# [TASK BRIEF]
Where the line containing "David Yurman Maritim Compass Signet Ring" appears in the records below, begin there and output each line verbatim through the last line.

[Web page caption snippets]
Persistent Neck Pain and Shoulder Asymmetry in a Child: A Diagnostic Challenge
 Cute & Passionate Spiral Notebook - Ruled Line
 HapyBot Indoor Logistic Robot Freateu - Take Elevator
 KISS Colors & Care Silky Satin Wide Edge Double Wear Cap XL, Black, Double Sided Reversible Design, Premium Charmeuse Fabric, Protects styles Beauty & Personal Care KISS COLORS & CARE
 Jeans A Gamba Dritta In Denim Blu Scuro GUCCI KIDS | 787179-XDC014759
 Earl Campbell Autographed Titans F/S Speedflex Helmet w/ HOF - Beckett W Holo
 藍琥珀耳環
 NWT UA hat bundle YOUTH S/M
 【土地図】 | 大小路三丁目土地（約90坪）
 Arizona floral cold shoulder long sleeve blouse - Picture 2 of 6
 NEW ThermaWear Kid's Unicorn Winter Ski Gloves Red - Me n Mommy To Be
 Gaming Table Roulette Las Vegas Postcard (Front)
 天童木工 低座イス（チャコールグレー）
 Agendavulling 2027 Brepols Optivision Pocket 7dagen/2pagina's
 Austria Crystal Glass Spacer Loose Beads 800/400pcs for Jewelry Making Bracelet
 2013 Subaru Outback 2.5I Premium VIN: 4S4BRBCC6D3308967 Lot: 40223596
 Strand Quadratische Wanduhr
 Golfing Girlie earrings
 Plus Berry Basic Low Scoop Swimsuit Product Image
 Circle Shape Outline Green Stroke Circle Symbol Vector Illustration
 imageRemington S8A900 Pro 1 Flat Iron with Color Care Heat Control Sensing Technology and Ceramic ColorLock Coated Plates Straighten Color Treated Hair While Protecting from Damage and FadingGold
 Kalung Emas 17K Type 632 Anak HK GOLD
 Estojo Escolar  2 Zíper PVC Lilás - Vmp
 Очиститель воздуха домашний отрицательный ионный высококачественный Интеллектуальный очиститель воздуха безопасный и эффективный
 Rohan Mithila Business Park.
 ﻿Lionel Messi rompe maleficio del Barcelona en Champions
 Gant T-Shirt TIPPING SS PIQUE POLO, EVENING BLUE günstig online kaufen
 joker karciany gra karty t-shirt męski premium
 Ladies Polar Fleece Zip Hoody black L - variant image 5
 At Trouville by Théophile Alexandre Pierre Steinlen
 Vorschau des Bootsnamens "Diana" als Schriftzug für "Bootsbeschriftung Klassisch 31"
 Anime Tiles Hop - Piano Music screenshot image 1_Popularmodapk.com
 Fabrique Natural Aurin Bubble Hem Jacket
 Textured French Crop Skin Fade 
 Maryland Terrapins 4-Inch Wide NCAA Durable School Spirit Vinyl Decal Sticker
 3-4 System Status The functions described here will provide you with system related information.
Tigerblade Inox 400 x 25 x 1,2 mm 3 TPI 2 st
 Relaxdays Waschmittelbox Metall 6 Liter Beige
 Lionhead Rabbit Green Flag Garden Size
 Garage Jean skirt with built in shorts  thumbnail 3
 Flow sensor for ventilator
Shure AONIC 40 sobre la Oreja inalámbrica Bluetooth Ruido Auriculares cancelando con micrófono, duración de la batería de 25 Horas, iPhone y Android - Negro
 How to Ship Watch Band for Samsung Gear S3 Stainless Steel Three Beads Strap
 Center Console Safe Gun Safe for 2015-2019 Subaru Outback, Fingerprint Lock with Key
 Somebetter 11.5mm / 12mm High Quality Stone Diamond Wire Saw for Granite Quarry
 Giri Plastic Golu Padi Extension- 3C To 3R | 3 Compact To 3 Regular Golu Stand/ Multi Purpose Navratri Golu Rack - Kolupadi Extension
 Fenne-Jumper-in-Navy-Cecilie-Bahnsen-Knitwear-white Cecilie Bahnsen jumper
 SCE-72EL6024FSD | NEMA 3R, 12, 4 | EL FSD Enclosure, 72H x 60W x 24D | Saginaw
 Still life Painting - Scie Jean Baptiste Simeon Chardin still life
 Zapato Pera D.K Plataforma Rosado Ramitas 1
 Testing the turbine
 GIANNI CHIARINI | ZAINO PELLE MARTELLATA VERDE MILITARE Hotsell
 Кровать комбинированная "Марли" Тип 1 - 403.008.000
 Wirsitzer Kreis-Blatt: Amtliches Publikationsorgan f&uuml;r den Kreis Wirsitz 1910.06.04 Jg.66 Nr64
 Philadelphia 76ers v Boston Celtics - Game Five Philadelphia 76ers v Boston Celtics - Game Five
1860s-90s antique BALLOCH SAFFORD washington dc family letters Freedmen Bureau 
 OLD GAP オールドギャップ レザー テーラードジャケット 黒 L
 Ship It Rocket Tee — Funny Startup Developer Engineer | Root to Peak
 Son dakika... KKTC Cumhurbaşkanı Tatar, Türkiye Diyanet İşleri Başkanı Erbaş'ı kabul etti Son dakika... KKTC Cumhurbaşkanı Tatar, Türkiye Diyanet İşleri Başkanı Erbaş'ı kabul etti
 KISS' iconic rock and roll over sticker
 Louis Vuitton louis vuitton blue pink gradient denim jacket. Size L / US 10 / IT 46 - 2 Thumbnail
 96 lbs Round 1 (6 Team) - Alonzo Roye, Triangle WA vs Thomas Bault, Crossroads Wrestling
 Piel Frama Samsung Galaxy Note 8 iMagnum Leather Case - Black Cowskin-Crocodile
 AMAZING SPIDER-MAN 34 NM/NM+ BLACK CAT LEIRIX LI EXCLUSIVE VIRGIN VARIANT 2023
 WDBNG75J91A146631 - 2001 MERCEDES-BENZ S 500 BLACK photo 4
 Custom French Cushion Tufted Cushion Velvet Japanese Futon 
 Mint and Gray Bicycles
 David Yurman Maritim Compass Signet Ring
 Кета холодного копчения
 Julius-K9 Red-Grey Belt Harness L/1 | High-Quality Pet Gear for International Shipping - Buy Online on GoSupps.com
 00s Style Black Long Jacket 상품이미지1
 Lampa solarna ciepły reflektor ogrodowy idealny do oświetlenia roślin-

# [WRITTEN SOLUTION]
 David Yurman Maritim Compass Signet Ring
 Кета холодного копчения
 Julius-K9 Red-Grey Belt Harness L/1 | High-Quality Pet Gear for International Shipping - Buy Online on GoSupps.com
 00s Style Black Long Jacket 상품이미지1
 Lampa solarna ciepły reflektor ogrodowy idealny do oświetlenia roślin-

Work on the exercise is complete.